The largest IPO of the year took place, as Japanese telco Softbank raised Sh2.1 trillion becoming the fourth largest offering in history (second if the green-shoe is exercised).
London saw a pause in IPO activity (largely due to Brexit and high market volatility) but still remained Europe, Middle East and Africa’s (EMEA’s) most active market by IPO volumes. Johannesburg Stock Exchange (JSE) led the field of African exchanges in terms of overall equity volume and value due to a few significant transactions, most notably the Sh8.1 billion dual listing of Vivo Energy on the JSE and LSE.
For China, owing to a stricter regulatory oversight, IPO proceeds and numbers fell by 44 percent and 77 percent respectively. All this, is according to the recent PwC reports, Global IPO Watch and Africa Capital Markets Watch.
Anyhow, lots of things were said in the reports but three observations caught my attention. One, as a result of a few jumbo IPOs, 2018 IPO proceeds outpaced those in recent years even as volatility returned on equity markets. IPO proceeds increased by six percent but the number of transactions fell by 23 percent.
Two, 2018 pricing was more volatile as the share of transactions pricing within their initial pricing range dropped to a multi-year low.

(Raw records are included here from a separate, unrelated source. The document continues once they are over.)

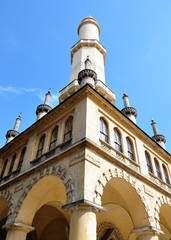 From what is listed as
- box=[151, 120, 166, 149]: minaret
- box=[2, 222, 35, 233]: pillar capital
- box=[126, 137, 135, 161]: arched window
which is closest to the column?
box=[2, 222, 35, 233]: pillar capital

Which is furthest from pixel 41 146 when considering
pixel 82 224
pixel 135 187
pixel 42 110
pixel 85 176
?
pixel 82 224

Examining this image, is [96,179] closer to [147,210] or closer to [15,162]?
[147,210]

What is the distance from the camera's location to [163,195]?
13695 millimetres

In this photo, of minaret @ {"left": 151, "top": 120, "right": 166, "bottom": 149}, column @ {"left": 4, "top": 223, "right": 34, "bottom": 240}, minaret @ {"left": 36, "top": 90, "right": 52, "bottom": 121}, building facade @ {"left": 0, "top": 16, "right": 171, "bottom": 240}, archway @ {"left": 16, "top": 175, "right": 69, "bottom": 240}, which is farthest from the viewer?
minaret @ {"left": 151, "top": 120, "right": 166, "bottom": 149}

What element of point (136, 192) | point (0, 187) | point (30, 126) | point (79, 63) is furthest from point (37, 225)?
point (79, 63)

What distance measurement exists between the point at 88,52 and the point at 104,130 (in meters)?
13.4

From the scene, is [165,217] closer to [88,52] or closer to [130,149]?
[130,149]

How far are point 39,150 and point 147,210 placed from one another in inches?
271

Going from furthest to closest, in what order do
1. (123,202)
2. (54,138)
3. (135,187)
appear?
(54,138) → (123,202) → (135,187)

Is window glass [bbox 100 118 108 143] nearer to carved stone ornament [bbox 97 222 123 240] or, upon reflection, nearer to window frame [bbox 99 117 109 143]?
window frame [bbox 99 117 109 143]

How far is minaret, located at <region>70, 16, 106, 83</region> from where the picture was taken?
21944mm

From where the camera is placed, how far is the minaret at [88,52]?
21944 millimetres

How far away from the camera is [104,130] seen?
12406 millimetres

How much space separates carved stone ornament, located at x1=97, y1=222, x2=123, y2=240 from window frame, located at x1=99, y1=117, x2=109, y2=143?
6.89 metres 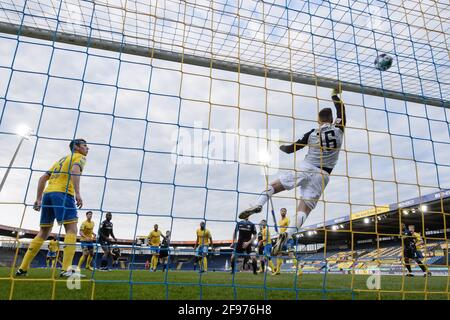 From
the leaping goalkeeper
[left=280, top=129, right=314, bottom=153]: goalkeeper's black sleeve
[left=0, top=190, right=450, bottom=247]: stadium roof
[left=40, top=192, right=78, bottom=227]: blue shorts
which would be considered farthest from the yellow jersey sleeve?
[left=0, top=190, right=450, bottom=247]: stadium roof

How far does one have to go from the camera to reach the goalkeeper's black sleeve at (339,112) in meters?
4.94

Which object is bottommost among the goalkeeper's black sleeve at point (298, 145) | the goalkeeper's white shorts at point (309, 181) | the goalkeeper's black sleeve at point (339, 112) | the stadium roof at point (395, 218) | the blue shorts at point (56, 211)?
the blue shorts at point (56, 211)

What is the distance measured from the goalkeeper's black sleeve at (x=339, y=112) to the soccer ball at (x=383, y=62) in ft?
4.17

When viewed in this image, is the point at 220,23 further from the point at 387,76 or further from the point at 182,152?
the point at 387,76

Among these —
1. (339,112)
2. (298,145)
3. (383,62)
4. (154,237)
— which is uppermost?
(383,62)

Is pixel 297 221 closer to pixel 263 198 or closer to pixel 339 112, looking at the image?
pixel 263 198

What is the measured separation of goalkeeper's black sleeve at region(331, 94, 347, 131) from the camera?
494 centimetres

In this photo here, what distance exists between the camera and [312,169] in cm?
489

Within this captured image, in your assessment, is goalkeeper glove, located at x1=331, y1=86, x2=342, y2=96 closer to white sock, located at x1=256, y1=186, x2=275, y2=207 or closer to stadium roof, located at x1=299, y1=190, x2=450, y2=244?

Three, post-IPO performance was lower than 2017 as equity markets fell and the share of historically outperforming Chinese IPOs dropped.
These are reasons to be concerned. Could global IPO markets be topping? If yes, what does that mean for deals in the pipeline in frontier markets? Should we expect the “10-year IPO drought” at the NSE to continue?
Obviously, the optics don’t look so good for markets such as ours. If global investors lose confidence, then perhaps our circumstances might not be any different.
With the US technology sector, which ended last year with the second highest IPO proceeds and expects this year to be the “year of the unicorn”, already showing signs of weakness, the end looks near. When favoured unicorns such as Lyft shave off gains soon after debuting, it’s indeed a cause for concern.
More importantly, for the EMEA region, post-IPO performance was noted to be the lowest compared to the two other regions; Americas and Asia-Pacific. The share of EMEA IPO pricing trading at the bottom or below the initial pricing range was also the highest in years.
That said, a couple of things are making the situation even murkier; bitcoin recently took-off like a rocket, global trade tensions have begun cooling down, US monetary policy is also pulling back from austerity and so on. Which way Mr market?
Guess this is the part where they say; let’s wait-and-see – you’re analyst’s escape line to mean “I am/we’re clueless”. Nevertheless, investors, waiting to see whether their hopes and dreams of an IPO at the NSE revived after a long disappointing stretch, should not give up yet.
As long as trading lights (read global IPO markets) are flashing amber, there’s still some room to be cautiously optimistic.